NEW  YORK — 2014 will go down in history as a year when no one event dominated the headlines. Instead, it will be noted for a year of steady growth in every category despite concerns of slippage in some markets. It was a year of many new products, new upscale restaurant openings and more independent kosher food store openings as well as some growth in the supermarket and discount chains. But there were some stories covered in Kosher Today that are worthy of mention as 2014 comes to a close. Here are some of our choices for honorable mention:

The closing of the last Kosher Delight store in Flatbush was a major event not only for the local residents who had lost a favorite eatery, but also because it represented the end of an era for what some had hoped would be the first glatt kosher fast food chain.

By the same token, the Prime Group continues its march towards becoming the major glatt kosher restaurant chain with its new location for the Prime Grill in Manhattan, Passover program and soon to open Flatbush location.

Competition heated up in markets like Boro Park with the opening of the new Breadberry and in Chicago with the opening of a new Wal-Mart, a major expansion at Jewel-Osco, the many offerings of Hungarian Kosher and a soon to come Mariano’s.

Jews of Sephardic descent received the welcome news of a new certification for kitniyot by the OU.

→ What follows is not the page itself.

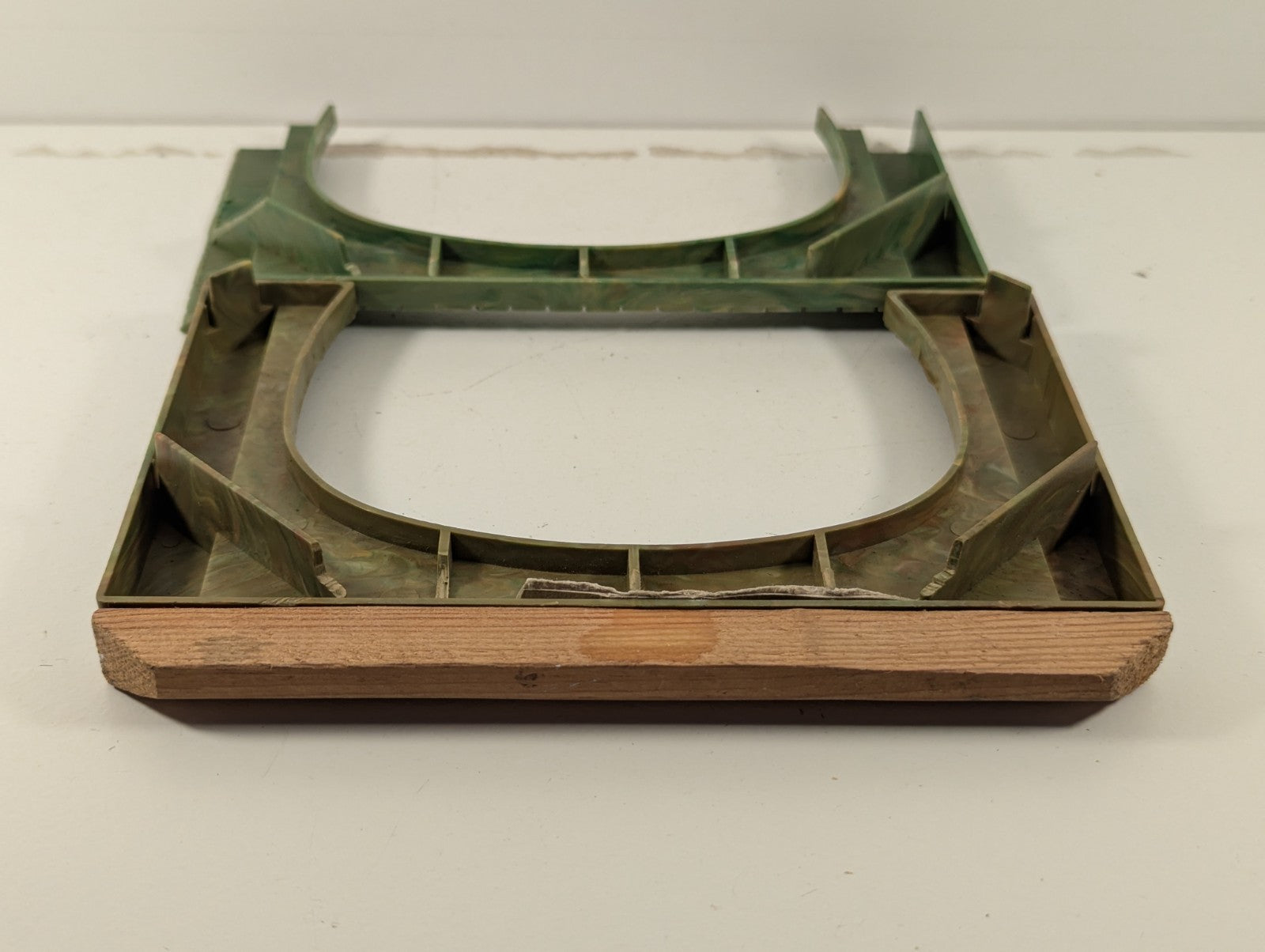 Hornby R164 OO Gauge Double Track Tunnel Portals - one portal is damaged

The Commack Kosher Caterers Deli & Market of Suffolk that successfully fought the New York State’s 100 year kosher food laws has closed its doors. “I didn’t fail the community, the community failed me,” Brian Yarmeisch, the owner, told one customer.

The Manischewitz Company, one of the world’s largest kosher manufacturers, was acquired by Sankaty Advisors, the credit affiliate of Bain Capital. The company was founded in 1888 by Rabbi Dov Behr Manischewitz.

Tnuva, an Israeli food giant was acquired by  China's Bright Food Group.

Growing anti-Semitism in Europe included targeting some kosher stores and an effort to remove kosher products from some stores in the UK. With more than 3000 rockets targeting Israel during the war with Hamas, many Americans  supported  Israel by buying Israeli products, including food.

Kosher cookbooks are hot sellers, according to Judaica stores in many parts of the country.

Philadelphia Cream Cheese changed its mind about making some of its products non-kosher. The company had earlier announced that certain varieties of Philadelphia Cream Cheese Spreads would no longer be kosher certified upon the launch of the new bacon flavor.

Attempts in Europe to curb kosher slaughter continued to dominate headlines but Poland rescinded its earlier ban.

The high price of food continues to be a major issue in Israel and may very well become an issue in the nation’s upcoming elections.